What is required »
Do any lines in the data below contain "Building"? If so, copy every one of them.

Supplied material »
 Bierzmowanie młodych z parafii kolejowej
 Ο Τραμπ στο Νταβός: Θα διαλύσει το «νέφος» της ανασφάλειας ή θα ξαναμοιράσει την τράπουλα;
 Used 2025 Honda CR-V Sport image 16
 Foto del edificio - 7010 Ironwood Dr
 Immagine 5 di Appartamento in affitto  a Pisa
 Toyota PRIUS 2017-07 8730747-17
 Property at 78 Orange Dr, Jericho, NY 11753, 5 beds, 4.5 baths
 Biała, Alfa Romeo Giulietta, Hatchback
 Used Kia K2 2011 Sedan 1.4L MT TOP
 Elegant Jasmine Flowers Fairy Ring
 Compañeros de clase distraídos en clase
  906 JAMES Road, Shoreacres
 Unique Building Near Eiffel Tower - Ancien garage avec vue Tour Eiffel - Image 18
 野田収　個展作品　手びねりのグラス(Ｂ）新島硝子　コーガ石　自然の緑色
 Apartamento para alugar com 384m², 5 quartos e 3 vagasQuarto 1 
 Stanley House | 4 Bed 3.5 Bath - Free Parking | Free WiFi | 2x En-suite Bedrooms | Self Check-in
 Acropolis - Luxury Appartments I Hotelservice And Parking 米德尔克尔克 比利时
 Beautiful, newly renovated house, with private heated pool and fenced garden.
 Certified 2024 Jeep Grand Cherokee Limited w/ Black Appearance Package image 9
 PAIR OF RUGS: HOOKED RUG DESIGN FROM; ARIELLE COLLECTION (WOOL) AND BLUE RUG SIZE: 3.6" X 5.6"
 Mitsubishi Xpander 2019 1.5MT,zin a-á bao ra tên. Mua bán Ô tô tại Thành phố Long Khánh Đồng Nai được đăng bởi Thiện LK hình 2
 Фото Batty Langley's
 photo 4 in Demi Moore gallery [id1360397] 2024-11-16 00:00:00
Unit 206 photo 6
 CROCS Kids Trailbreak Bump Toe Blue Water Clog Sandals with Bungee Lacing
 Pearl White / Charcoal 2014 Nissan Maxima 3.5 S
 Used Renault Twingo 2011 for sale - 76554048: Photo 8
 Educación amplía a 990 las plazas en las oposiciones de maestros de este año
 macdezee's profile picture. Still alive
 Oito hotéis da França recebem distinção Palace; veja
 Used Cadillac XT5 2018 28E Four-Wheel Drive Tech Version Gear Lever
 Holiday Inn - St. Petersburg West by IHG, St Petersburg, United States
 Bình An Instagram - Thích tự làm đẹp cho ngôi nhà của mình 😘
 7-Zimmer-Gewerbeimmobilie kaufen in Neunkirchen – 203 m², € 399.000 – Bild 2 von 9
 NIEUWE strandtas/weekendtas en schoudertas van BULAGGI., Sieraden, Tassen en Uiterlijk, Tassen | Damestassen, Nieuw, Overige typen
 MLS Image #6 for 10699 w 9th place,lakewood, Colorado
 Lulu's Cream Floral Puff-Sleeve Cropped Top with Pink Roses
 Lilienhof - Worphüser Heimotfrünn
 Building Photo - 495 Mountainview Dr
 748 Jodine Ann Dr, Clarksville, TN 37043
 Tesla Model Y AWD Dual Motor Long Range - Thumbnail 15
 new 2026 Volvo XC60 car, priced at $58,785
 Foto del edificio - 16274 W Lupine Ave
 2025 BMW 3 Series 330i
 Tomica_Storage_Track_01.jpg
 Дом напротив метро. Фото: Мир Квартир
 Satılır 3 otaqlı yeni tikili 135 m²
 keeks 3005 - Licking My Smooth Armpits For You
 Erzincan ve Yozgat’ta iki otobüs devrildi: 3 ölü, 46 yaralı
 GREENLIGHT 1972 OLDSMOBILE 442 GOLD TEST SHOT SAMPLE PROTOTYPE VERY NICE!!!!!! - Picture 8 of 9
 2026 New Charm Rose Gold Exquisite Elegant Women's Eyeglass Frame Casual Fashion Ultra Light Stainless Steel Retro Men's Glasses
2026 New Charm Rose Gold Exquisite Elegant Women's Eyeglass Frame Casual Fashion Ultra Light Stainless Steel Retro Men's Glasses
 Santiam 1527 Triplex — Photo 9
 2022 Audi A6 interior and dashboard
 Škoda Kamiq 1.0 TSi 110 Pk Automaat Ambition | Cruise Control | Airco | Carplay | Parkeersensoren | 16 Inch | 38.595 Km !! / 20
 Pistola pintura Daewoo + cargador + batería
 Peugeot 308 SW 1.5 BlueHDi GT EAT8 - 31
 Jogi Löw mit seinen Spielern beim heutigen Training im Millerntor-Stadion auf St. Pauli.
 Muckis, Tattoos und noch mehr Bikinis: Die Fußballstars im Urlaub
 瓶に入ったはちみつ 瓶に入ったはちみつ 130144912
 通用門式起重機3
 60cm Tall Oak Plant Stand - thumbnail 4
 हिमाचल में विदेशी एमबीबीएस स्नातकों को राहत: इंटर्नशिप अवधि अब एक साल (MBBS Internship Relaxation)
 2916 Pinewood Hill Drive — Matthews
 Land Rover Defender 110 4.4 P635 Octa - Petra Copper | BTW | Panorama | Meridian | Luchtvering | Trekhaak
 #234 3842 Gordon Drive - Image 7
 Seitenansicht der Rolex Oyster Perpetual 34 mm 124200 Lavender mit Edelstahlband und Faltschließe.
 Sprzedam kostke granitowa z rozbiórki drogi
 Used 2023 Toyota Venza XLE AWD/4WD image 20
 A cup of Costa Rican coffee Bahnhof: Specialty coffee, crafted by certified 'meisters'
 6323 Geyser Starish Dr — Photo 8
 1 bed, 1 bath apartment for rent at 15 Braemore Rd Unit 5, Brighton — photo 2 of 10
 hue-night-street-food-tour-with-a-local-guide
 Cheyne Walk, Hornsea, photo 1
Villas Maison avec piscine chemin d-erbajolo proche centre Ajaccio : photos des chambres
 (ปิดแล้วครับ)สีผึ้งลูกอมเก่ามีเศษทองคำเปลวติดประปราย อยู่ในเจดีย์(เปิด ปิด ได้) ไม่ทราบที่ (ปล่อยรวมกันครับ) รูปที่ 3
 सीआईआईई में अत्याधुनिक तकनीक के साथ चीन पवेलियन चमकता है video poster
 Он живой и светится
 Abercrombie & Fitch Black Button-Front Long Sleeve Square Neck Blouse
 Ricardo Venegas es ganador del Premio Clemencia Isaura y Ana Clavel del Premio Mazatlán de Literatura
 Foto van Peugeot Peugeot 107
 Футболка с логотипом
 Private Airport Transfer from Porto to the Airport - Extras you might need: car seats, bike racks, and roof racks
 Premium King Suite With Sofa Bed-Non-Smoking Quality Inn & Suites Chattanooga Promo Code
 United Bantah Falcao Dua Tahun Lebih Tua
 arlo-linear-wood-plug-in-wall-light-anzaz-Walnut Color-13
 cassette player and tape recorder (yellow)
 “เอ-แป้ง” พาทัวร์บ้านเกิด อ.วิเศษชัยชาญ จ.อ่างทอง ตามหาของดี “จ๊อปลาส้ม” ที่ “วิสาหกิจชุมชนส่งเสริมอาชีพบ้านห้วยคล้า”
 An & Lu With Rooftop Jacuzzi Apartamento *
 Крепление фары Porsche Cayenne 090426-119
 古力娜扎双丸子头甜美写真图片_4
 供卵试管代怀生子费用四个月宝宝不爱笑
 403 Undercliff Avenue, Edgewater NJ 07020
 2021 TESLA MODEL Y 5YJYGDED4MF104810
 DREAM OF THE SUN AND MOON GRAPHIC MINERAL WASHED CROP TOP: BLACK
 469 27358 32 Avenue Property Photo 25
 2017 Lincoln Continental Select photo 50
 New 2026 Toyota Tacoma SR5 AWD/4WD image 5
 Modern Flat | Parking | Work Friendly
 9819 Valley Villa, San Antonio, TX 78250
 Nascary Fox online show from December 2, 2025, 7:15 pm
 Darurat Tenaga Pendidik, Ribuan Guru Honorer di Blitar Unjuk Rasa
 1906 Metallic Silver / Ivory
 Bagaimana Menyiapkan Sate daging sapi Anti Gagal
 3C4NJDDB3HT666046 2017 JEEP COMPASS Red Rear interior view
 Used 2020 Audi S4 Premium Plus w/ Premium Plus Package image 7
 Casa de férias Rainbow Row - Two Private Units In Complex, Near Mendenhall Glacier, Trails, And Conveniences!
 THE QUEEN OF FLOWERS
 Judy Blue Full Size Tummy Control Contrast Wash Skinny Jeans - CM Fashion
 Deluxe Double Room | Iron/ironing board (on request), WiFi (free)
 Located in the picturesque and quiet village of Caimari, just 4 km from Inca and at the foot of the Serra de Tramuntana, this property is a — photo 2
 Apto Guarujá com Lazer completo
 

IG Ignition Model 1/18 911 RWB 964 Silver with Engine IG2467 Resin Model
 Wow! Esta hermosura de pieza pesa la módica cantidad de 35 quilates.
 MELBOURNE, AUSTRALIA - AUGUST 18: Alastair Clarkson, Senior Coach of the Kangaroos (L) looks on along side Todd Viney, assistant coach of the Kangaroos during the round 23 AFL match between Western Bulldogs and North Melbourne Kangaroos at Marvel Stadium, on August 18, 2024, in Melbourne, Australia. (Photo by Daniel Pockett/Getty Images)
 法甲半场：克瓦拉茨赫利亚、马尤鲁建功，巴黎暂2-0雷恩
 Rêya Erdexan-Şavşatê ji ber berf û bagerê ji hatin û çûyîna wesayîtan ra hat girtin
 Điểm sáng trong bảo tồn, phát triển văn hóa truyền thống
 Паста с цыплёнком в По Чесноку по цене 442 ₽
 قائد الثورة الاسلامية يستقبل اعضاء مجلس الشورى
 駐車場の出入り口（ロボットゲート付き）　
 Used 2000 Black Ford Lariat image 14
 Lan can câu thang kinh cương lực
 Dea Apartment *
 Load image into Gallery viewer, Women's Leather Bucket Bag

Task solution »
 Unique Building Near Eiffel Tower - Ancien garage avec vue Tour Eiffel - Image 18
 Building Photo - 495 Mountainview Dr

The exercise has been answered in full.